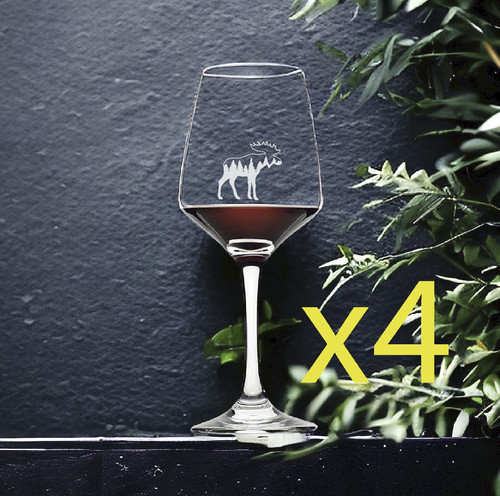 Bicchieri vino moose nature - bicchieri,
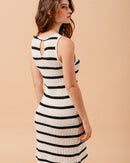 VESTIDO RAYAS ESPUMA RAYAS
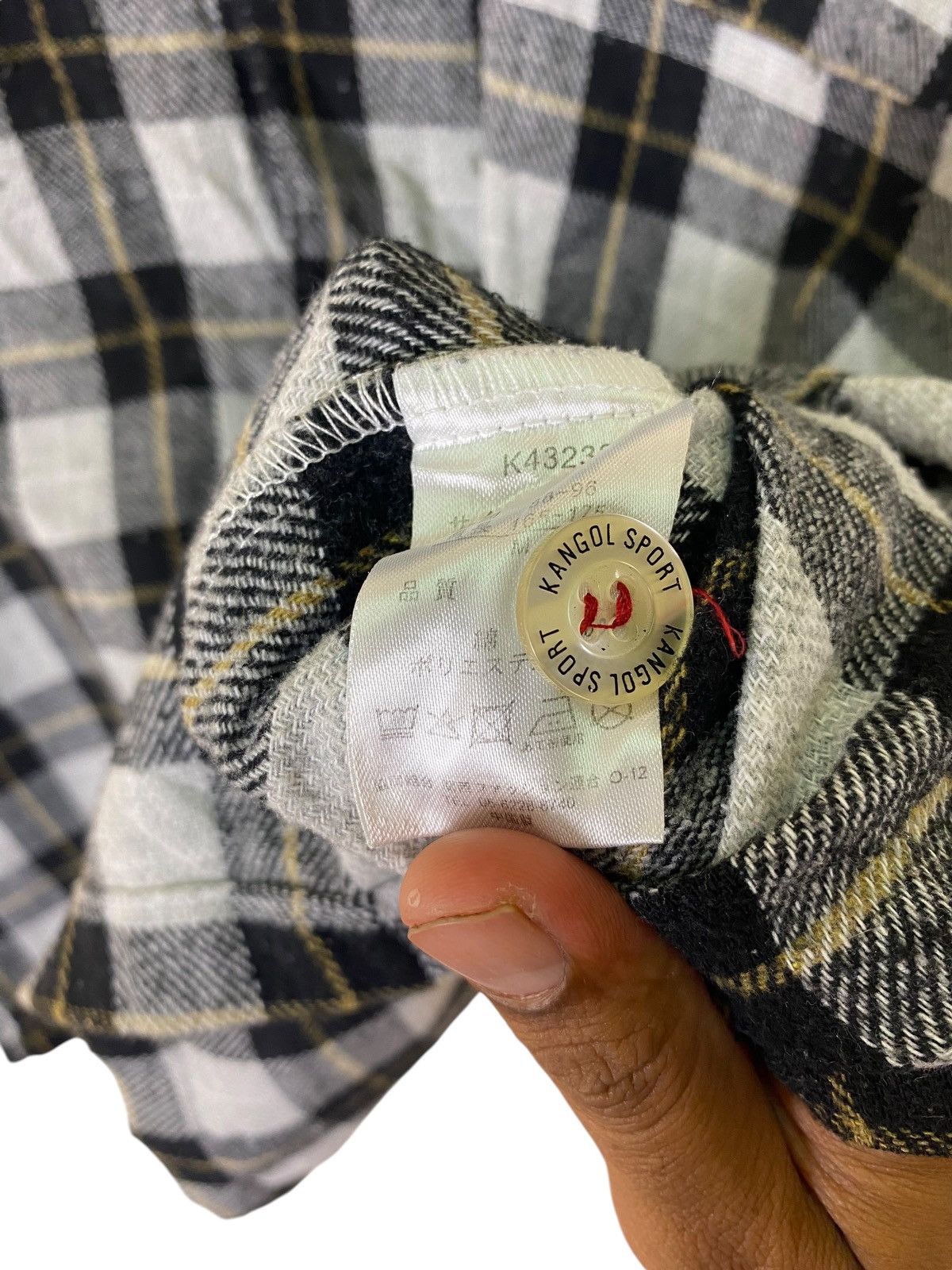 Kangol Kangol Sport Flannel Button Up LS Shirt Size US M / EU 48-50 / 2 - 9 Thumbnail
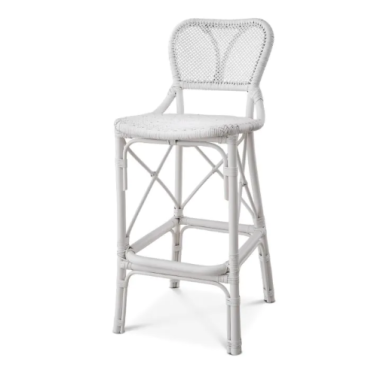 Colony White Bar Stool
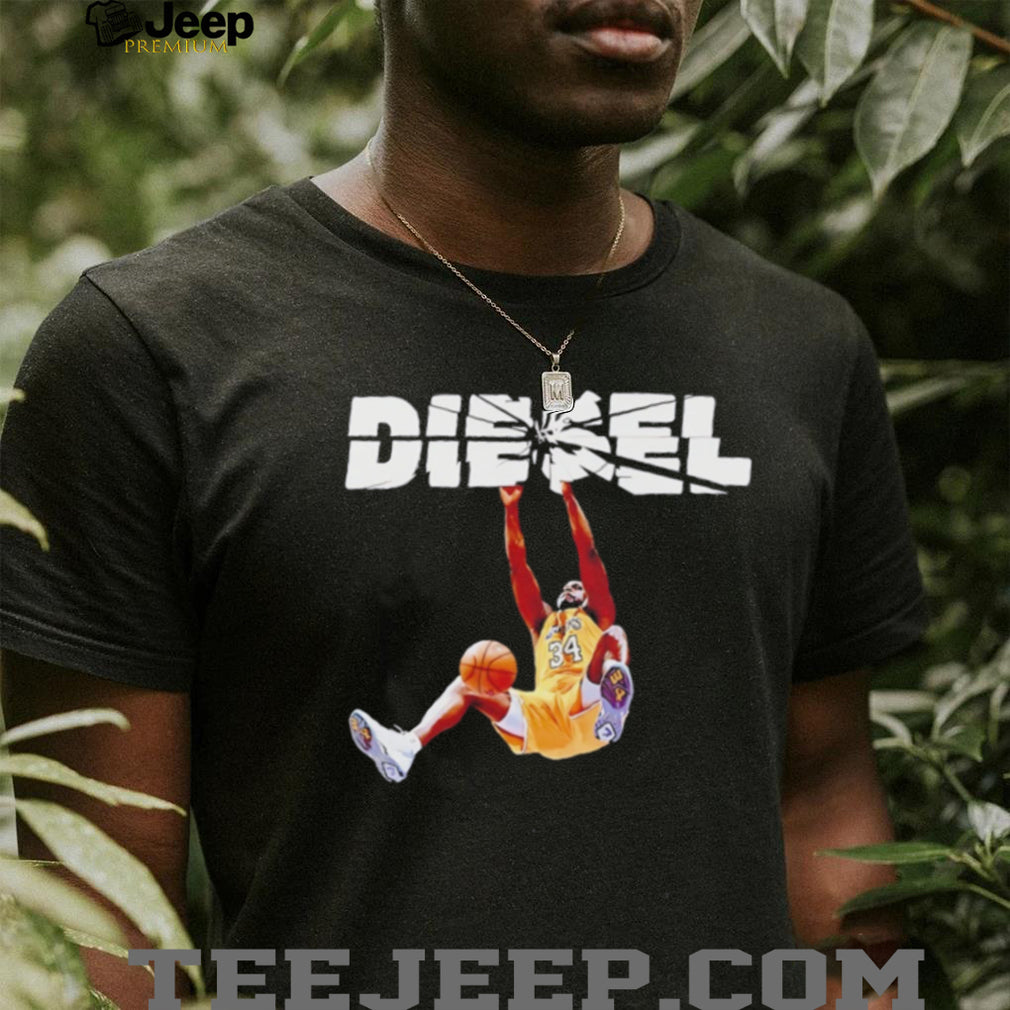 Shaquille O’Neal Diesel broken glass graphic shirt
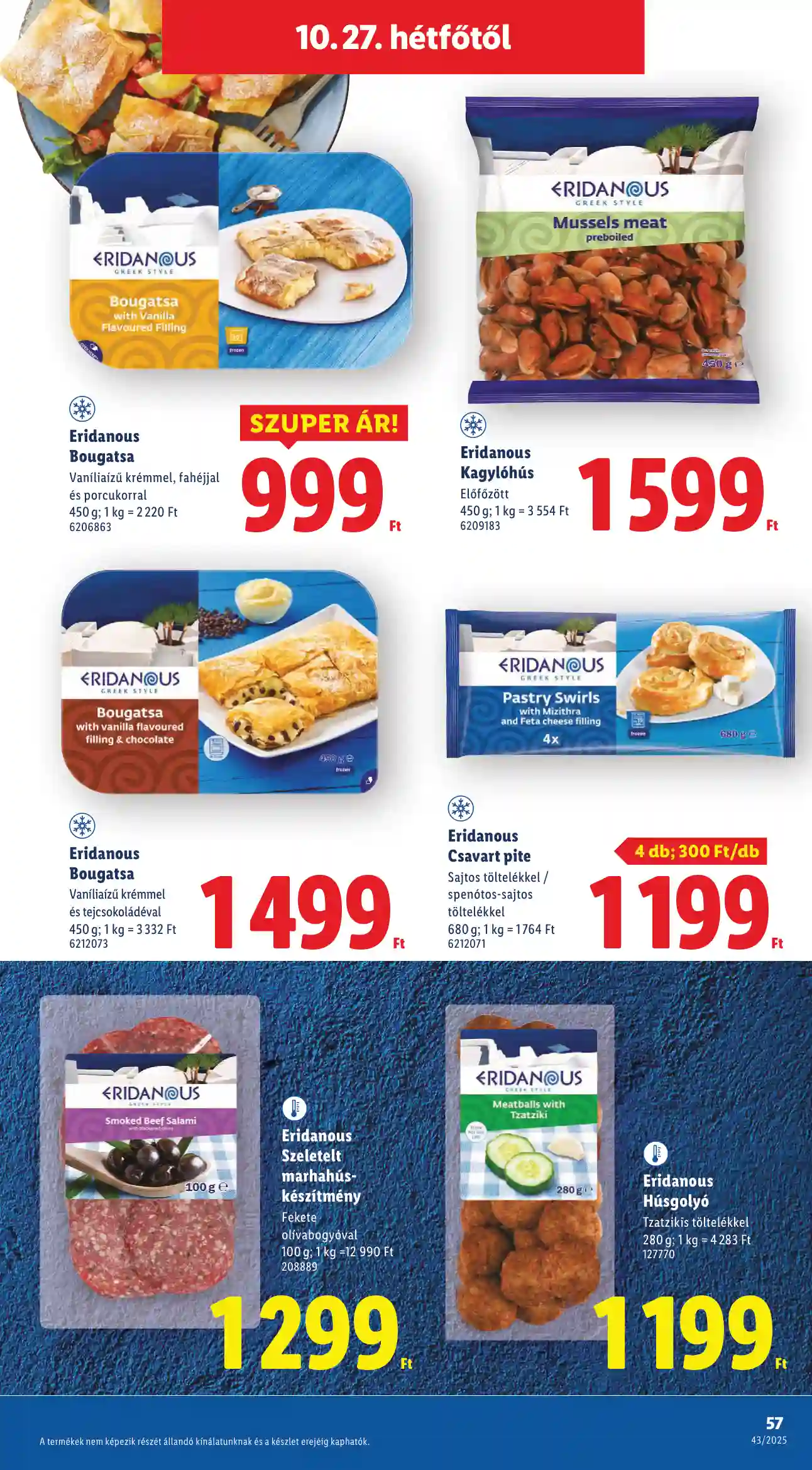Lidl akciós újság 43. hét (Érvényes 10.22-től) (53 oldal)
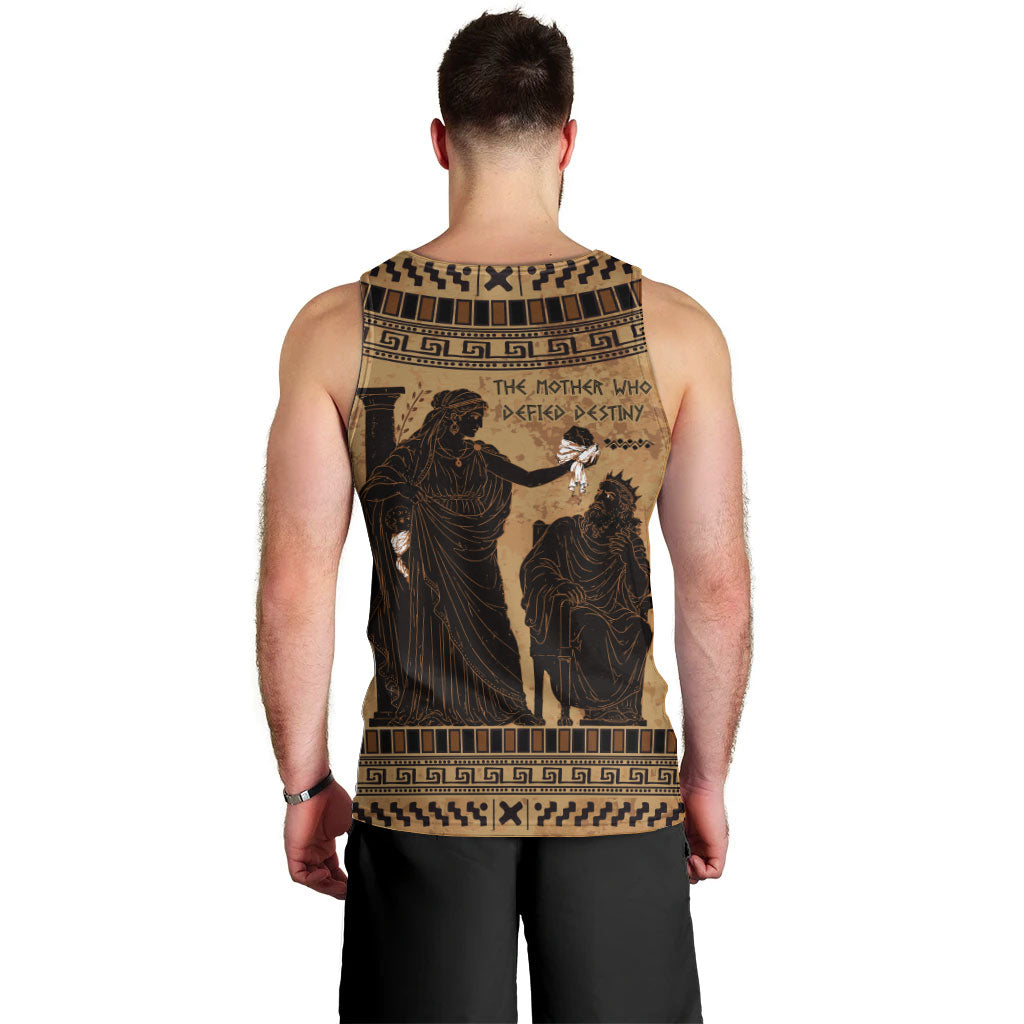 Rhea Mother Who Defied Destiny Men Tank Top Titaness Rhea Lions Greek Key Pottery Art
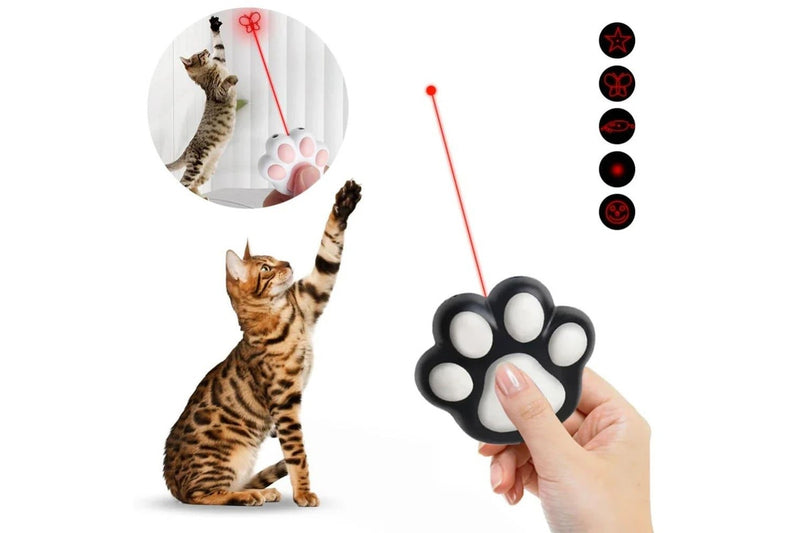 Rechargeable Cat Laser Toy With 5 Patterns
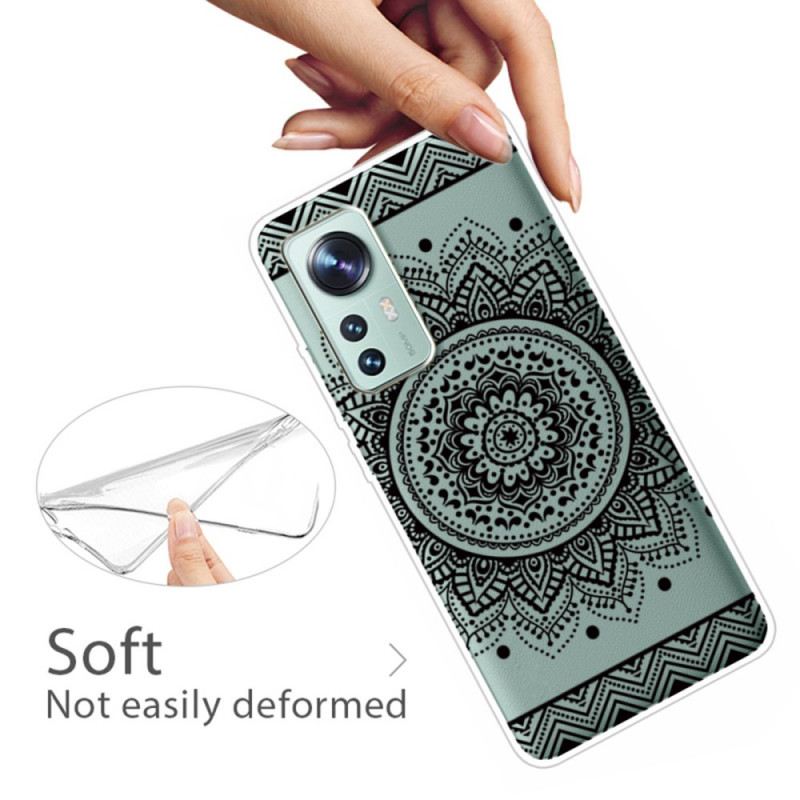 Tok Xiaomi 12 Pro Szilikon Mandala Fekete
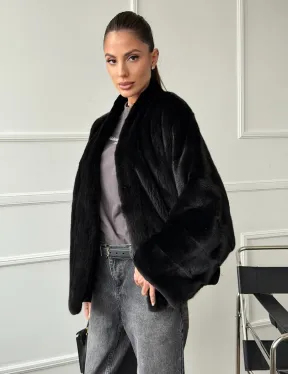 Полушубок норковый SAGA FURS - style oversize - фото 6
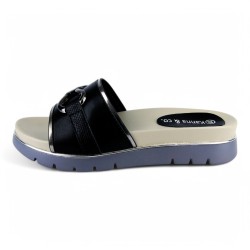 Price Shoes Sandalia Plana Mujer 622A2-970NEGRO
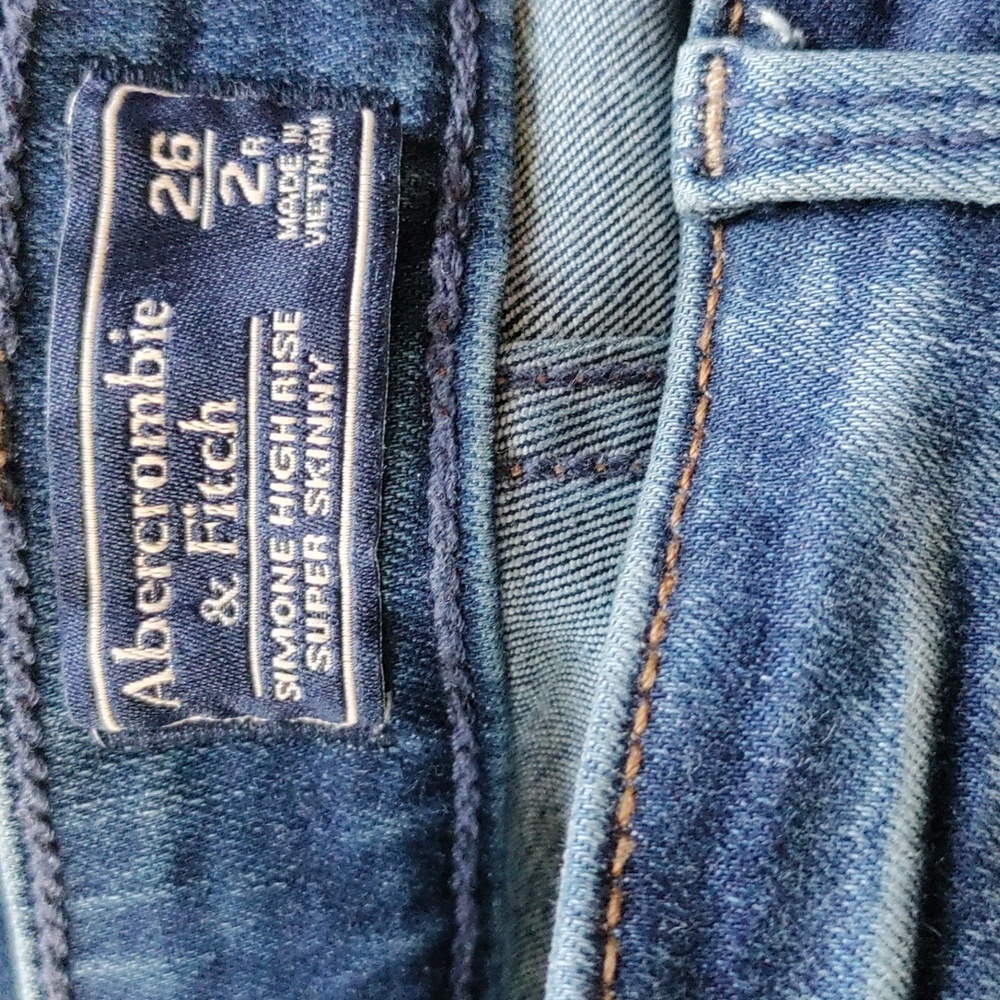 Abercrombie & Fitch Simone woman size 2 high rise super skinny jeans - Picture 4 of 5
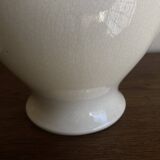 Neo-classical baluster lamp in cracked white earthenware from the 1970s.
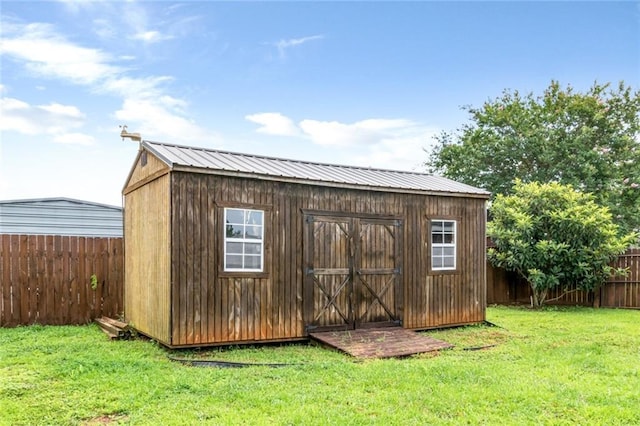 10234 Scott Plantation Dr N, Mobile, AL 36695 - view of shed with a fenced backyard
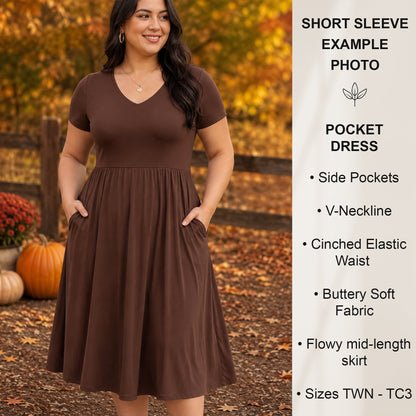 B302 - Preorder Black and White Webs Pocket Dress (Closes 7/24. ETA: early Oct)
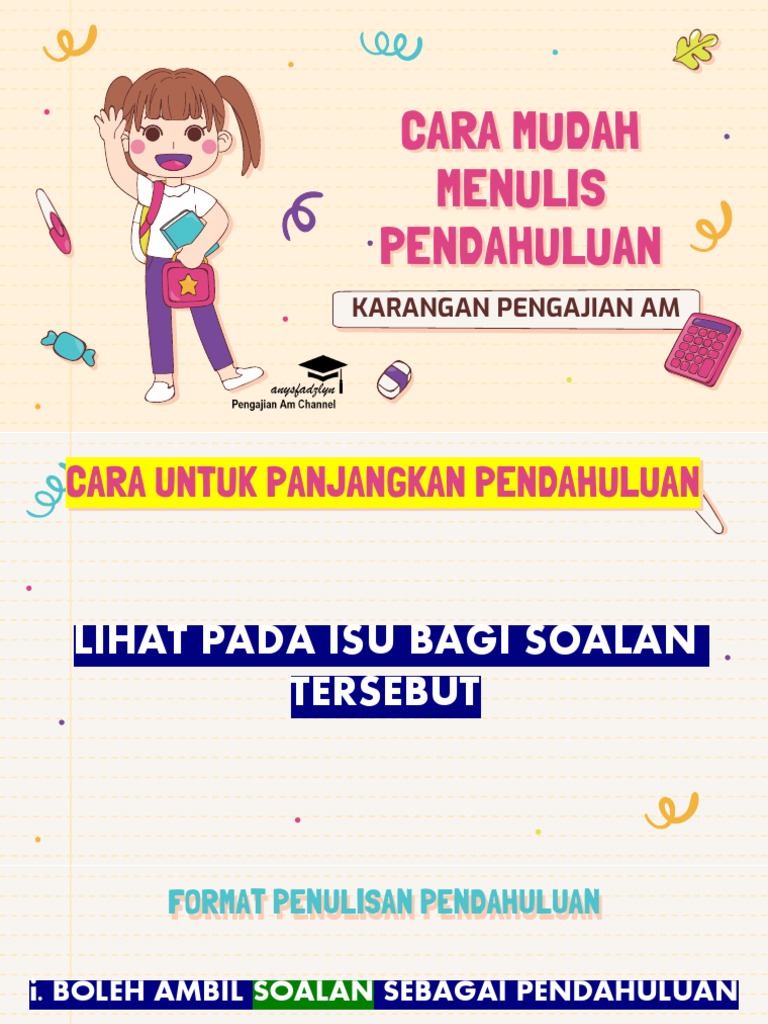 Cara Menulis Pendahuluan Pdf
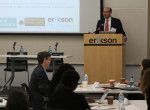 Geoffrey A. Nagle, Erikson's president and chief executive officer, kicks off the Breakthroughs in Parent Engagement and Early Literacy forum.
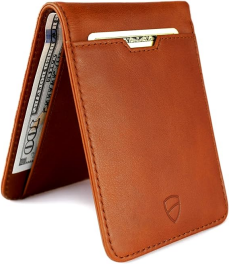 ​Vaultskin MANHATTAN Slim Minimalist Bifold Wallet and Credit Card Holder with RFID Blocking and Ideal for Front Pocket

= = = = = = =

Instructions for the task → Pictures aren't part of the copy; return each record above exactly.

Exercise response →
 Bicchieri vino moose nature - bicchieri,
 VESTIDO RAYAS ESPUMA RAYAS
 Kangol Kangol Sport Flannel Button Up LS Shirt Size US M / EU 48-50 / 2 - 9 Thumbnail
 Colony White Bar Stool
 Shaquille O’Neal Diesel broken glass graphic shirt
Lidl akciós újság 43. hét (Érvényes 10.22-től) (53 oldal)
 Rhea Mother Who Defied Destiny Men Tank Top Titaness Rhea Lions Greek Key Pottery Art
 Rechargeable Cat Laser Toy With 5 Patterns
 Tok Xiaomi 12 Pro Szilikon Mandala Fekete
 Полушубок норковый SAGA FURS - style oversize - фото 6
 Price Shoes Sandalia Plana Mujer 622A2-970NEGRO
 Abercrombie & Fitch Simone woman size 2 high rise super skinny jeans - Picture 4 of 5
 Neo-classical baluster lamp in cracked white earthenware from the 1970s.
 10234 Scott Plantation Dr N, Mobile, AL 36695 - view of shed with a fenced backyard
 B302 - Preorder Black and White Webs Pocket Dress (Closes 7/24. ETA: early Oct)
 Cara Menulis Pendahuluan Pdf
 Geoffrey A. Nagle, Erikson's president and chief executive officer, kicks off the Breakthroughs in Parent Engagement and Early Literacy forum.
 ​Vaultskin MANHATTAN Slim Minimalist Bifold Wallet and Credit Card Holder with RFID Blocking and Ideal for Front Pocket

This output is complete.